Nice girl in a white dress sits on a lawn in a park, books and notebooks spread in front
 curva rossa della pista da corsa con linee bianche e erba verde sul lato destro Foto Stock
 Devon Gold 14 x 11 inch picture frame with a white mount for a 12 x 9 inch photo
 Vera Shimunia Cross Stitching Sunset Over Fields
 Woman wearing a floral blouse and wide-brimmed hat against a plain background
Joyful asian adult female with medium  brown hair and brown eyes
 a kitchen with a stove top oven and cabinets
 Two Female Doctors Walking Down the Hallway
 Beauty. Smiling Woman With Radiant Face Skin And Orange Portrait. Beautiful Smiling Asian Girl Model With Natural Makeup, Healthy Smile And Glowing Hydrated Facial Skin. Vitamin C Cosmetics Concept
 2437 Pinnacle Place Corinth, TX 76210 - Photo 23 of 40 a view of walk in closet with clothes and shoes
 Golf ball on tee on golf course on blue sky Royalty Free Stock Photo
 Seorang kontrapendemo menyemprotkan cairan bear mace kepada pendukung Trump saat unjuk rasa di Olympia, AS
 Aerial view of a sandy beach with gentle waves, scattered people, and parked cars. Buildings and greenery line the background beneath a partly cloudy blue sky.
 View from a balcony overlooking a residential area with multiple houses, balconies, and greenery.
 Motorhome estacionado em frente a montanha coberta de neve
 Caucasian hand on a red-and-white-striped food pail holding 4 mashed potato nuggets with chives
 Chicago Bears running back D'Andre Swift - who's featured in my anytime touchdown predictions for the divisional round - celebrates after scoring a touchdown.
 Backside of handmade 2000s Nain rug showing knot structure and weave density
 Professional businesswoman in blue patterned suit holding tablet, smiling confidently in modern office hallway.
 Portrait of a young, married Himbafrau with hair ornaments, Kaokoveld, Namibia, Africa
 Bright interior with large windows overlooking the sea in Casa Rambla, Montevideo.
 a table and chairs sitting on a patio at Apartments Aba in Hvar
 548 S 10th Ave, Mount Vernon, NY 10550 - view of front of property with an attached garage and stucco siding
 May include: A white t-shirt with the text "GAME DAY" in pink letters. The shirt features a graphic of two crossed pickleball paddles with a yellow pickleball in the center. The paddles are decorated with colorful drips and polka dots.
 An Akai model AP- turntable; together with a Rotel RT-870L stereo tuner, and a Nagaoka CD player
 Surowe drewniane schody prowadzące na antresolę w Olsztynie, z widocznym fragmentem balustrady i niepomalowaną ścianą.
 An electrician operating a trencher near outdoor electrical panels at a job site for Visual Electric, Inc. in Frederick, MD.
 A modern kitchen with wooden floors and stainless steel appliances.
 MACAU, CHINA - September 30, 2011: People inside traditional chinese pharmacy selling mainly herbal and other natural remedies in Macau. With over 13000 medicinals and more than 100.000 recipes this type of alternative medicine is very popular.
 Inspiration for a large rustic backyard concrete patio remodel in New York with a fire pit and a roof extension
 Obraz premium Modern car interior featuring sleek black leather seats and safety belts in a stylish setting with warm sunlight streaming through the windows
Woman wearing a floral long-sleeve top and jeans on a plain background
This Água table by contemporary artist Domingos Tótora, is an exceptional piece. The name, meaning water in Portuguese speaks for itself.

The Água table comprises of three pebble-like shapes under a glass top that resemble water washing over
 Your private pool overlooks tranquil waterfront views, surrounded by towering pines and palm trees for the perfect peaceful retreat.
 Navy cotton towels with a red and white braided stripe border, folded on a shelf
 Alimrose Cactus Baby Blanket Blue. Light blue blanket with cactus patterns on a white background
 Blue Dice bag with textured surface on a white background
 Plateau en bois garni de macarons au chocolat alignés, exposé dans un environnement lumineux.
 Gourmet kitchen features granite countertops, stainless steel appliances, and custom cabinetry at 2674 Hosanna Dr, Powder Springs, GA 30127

Exercise
From the beginning of the listing above down to the line with "548 S 10th Ave, Mount", every line should be restated exactly.

Answer to this problem
Nice girl in a white dress sits on a lawn in a park, books and notebooks spread in front
 curva rossa della pista da corsa con linee bianche e erba verde sul lato destro Foto Stock
 Devon Gold 14 x 11 inch picture frame with a white mount for a 12 x 9 inch photo
 Vera Shimunia Cross Stitching Sunset Over Fields
 Woman wearing a floral blouse and wide-brimmed hat against a plain background
Joyful asian adult female with medium  brown hair and brown eyes
 a kitchen with a stove top oven and cabinets
 Two Female Doctors Walking Down the Hallway
 Beauty. Smiling Woman With Radiant Face Skin And Orange Portrait. Beautiful Smiling Asian Girl Model With Natural Makeup, Healthy Smile And Glowing Hydrated Facial Skin. Vitamin C Cosmetics Concept
 2437 Pinnacle Place Corinth, TX 76210 - Photo 23 of 40 a view of walk in closet with clothes and shoes
 Golf ball on tee on golf course on blue sky Royalty Free Stock Photo
 Seorang kontrapendemo menyemprotkan cairan bear mace kepada pendukung Trump saat unjuk rasa di Olympia, AS
 Aerial view of a sandy beach with gentle waves, scattered people, and parked cars. Buildings and greenery line the background beneath a partly cloudy blue sky.
 View from a balcony overlooking a residential area with multiple houses, balconies, and greenery.
 Motorhome estacionado em frente a montanha coberta de neve
 Caucasian hand on a red-and-white-striped food pail holding 4 mashed potato nuggets with chives
 Chicago Bears running back D'Andre Swift - who's featured in my anytime touchdown predictions for the divisional round - celebrates after scoring a touchdown.
 Backside of handmade 2000s Nain rug showing knot structure and weave density
 Professional businesswoman in blue patterned suit holding tablet, smiling confidently in modern office hallway.
 Portrait of a young, married Himbafrau with hair ornaments, Kaokoveld, Namibia, Africa
 Bright interior with large windows overlooking the sea in Casa Rambla, Montevideo.
 a table and chairs sitting on a patio at Apartments Aba in Hvar
 548 S 10th Ave, Mount Vernon, NY 10550 - view of front of property with an attached garage and stucco siding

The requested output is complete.